== Segment start ==
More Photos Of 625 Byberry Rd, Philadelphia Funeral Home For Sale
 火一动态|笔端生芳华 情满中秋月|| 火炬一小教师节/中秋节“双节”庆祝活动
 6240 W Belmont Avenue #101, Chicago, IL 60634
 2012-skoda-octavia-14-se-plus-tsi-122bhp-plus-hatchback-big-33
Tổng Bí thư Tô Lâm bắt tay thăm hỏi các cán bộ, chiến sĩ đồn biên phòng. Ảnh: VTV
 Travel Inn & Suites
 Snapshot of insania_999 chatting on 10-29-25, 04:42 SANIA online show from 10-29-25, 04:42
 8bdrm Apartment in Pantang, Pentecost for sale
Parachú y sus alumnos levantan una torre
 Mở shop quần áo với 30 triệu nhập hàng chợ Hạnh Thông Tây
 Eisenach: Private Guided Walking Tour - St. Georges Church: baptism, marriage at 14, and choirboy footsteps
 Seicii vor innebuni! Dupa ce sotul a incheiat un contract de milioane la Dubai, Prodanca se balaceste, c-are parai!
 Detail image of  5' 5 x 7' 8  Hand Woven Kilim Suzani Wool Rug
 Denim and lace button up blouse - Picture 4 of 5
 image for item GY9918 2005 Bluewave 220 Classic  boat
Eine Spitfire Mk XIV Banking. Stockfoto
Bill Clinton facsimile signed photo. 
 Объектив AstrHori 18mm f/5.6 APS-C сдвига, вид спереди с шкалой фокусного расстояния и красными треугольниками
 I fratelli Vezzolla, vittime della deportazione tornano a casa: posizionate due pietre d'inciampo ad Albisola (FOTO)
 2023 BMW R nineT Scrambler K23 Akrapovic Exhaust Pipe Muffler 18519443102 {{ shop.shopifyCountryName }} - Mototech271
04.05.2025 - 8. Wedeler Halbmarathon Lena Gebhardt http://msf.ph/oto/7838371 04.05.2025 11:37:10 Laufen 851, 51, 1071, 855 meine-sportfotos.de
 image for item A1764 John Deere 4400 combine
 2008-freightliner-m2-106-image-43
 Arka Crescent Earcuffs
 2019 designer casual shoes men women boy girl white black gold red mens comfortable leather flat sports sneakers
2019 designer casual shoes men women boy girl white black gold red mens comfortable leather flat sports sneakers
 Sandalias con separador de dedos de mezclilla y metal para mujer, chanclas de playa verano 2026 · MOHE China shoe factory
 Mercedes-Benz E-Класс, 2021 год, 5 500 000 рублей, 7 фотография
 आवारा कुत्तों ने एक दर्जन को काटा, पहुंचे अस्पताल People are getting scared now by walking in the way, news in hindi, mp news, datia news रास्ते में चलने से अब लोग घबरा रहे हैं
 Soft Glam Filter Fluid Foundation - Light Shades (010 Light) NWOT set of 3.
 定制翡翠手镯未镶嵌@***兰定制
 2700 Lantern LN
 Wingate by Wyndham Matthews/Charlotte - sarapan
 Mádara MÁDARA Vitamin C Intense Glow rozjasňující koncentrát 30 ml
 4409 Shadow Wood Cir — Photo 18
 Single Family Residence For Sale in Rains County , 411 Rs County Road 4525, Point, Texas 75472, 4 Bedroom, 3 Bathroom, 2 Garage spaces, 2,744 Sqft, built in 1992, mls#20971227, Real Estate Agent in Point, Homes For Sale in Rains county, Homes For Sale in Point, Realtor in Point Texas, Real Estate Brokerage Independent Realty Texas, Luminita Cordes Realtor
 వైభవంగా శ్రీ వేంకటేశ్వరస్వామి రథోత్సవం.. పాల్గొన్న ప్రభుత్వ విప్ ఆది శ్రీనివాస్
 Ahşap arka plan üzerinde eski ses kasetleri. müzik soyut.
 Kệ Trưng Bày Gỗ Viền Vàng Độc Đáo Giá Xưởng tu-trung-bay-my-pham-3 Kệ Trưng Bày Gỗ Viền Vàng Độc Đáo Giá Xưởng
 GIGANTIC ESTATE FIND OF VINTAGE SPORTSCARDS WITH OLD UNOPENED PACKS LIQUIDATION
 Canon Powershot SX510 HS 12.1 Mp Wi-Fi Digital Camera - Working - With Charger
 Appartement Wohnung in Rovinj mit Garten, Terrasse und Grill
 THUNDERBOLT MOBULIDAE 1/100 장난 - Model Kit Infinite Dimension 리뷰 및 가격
== Segment end ==
State how many lines of the listing above include the string "sneakers", with no words around the number.

2